In the reply, give back exactly the lines from the one with "New in Box Little" through the last line of the records, without pictures.

● ● ●

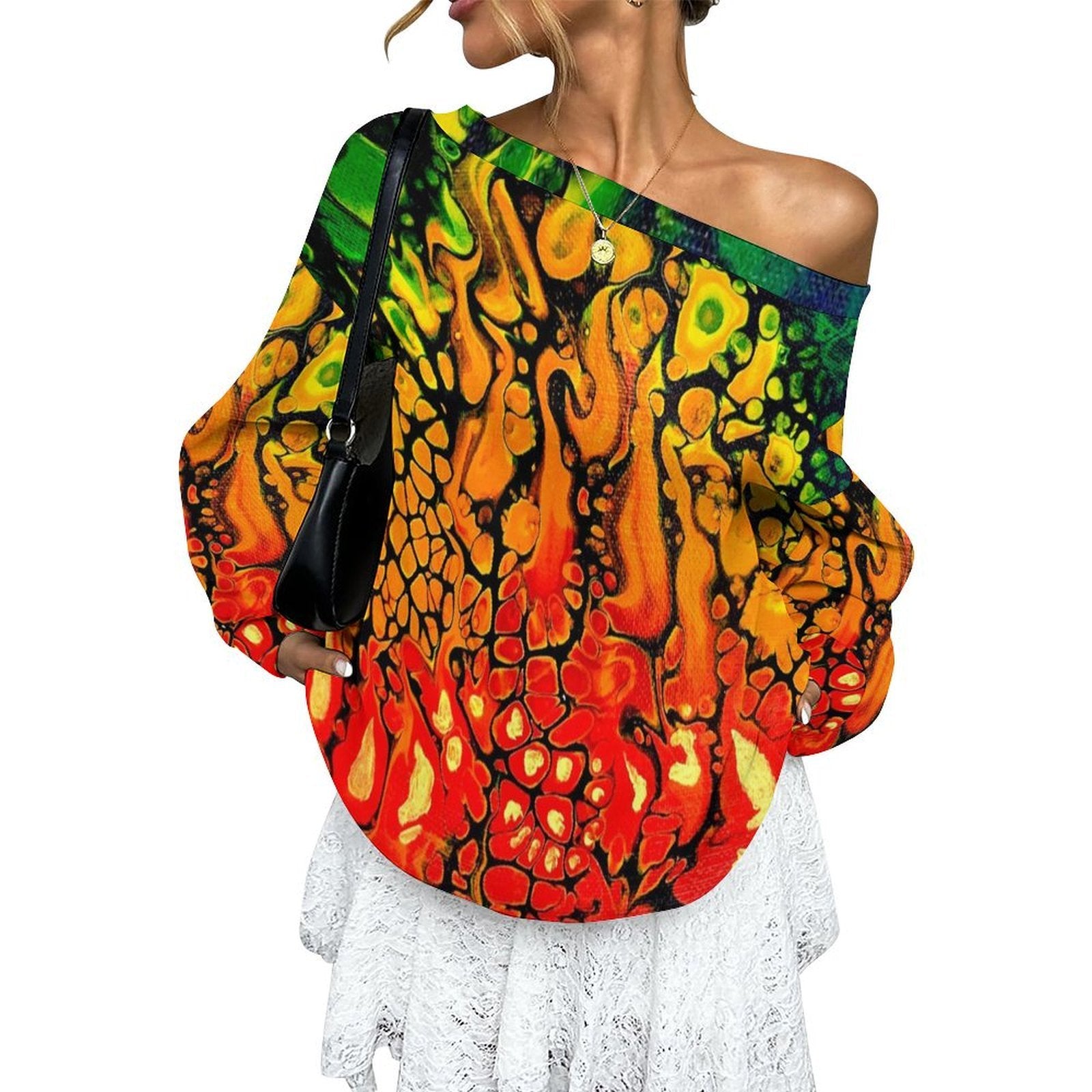 Fire Women's Off-shoulder Long Sleeve Sweatshirt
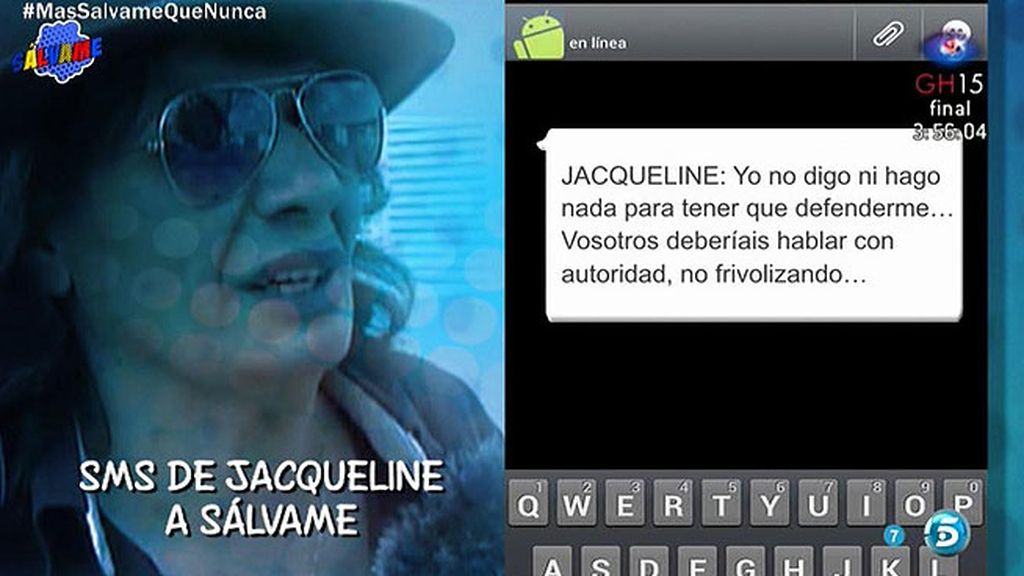 El mensaje de Jacqueline a 'Sálvame': "Todo lo que habláis es falso e inventado"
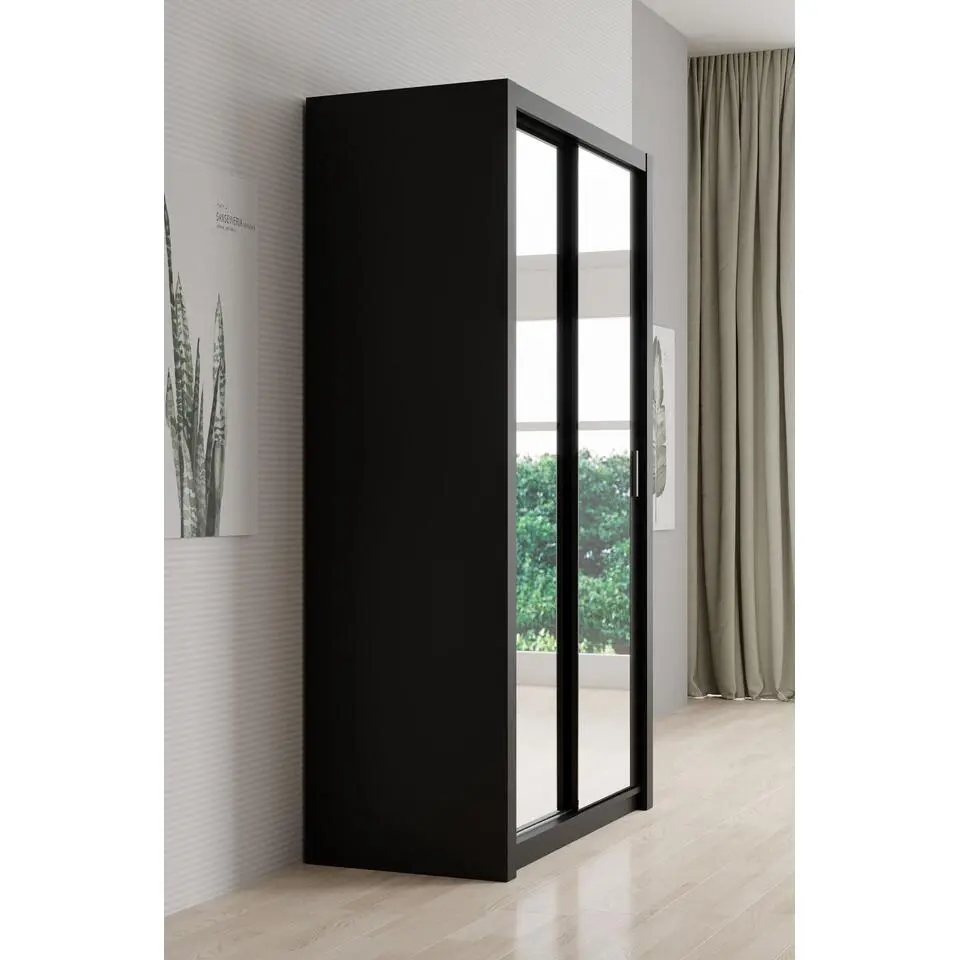 Meubella - Kledingkast Blake - Mat Zwart - 120 cm - Met spiegel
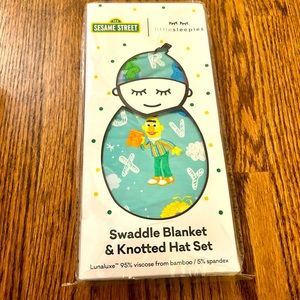 New in Box Little Sleepies Sesame Street Swaddle and Hat Infant set NWT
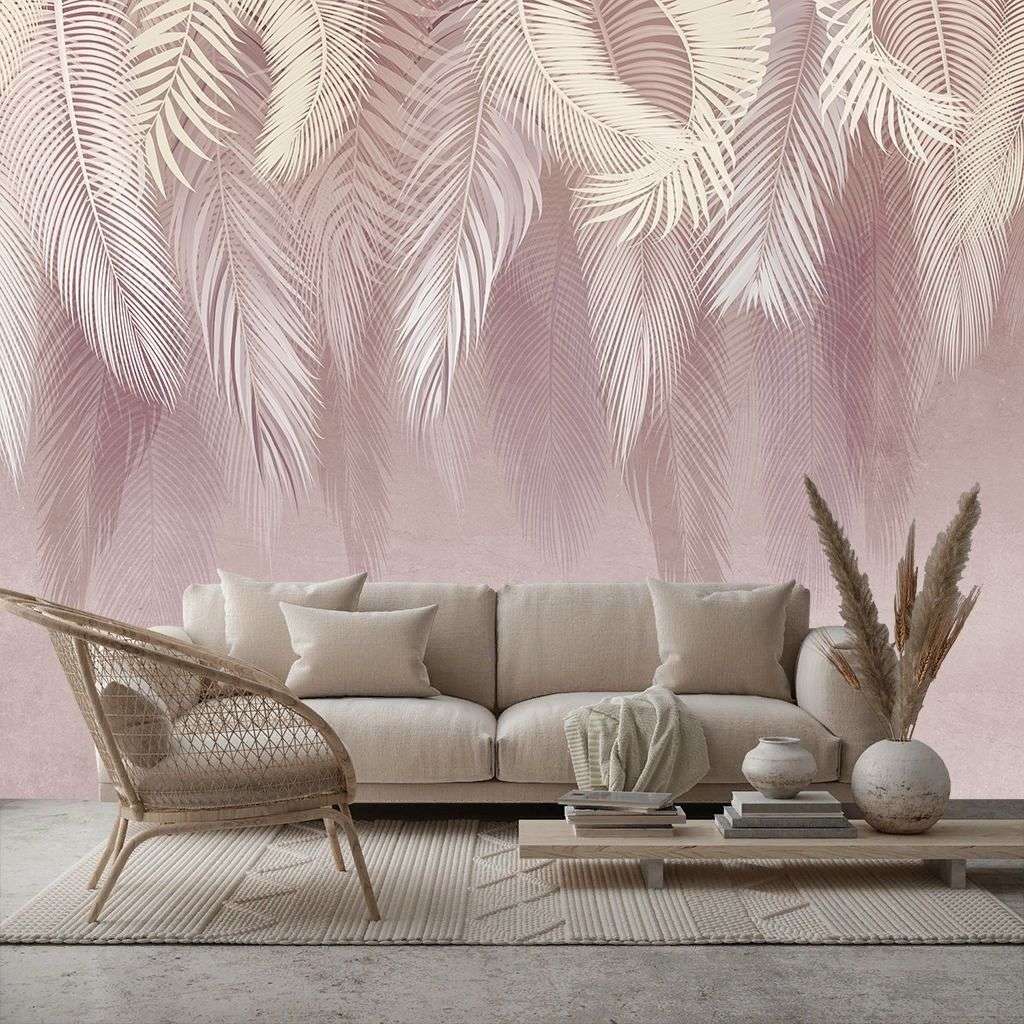 Фотообои в интерьере ветви пушистые пудровые  9-2112 фото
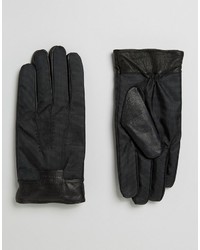 schwarze Lederhandschuhe von Ted Baker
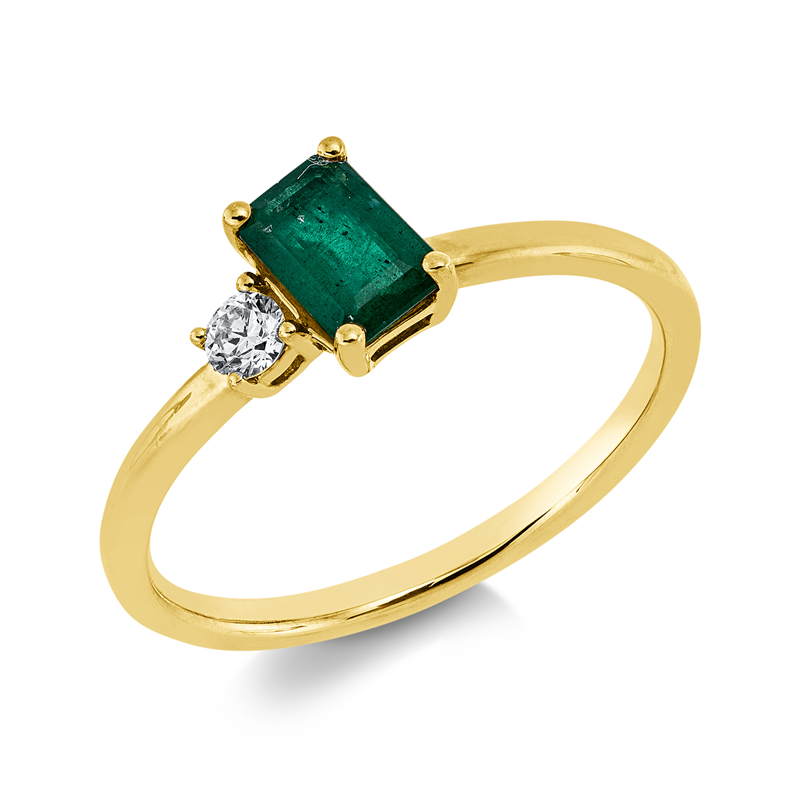 Image 90001897 - Ring 4er-Krappe 18 kt GG, 1 Brill. 0,08 ct, TW-si, 1 Smaragd 0,54 ct grün, ...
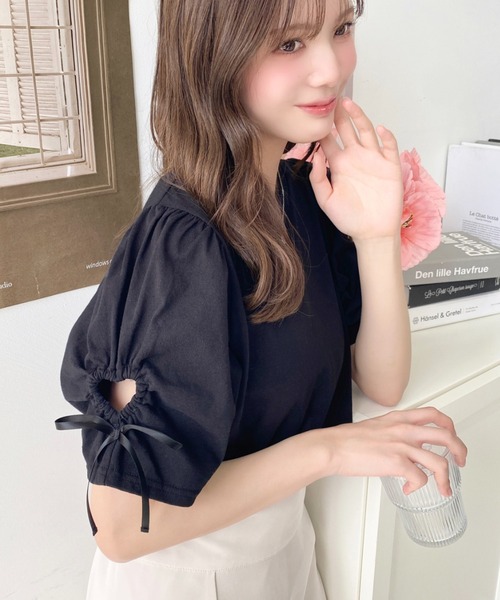 moment+（モーメントプラス）の「袖ハートホールリボン半袖Tシャツ（Tシャツ/カットソー・レディース・ブラック/オフホワイト・M/L）」の18枚目の写真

● ● ●

* Finished task *
 New in Box Little Sleepies Sesame Street Swaddle and Hat Infant set NWT
 Фотообои в интерьере ветви пушистые пудровые  9-2112 фото
 schwarze Lederhandschuhe von Ted Baker
 Image 90001897 - Ring 4er-Krappe 18 kt GG, 1 Brill. 0,08 ct, TW-si, 1 Smaragd 0,54 ct grün, ...
 moment+（モーメントプラス）の「袖ハートホールリボン半袖Tシャツ（Tシャツ/カットソー・レディース・ブラック/オフホワイト・M/L）」の18枚目の写真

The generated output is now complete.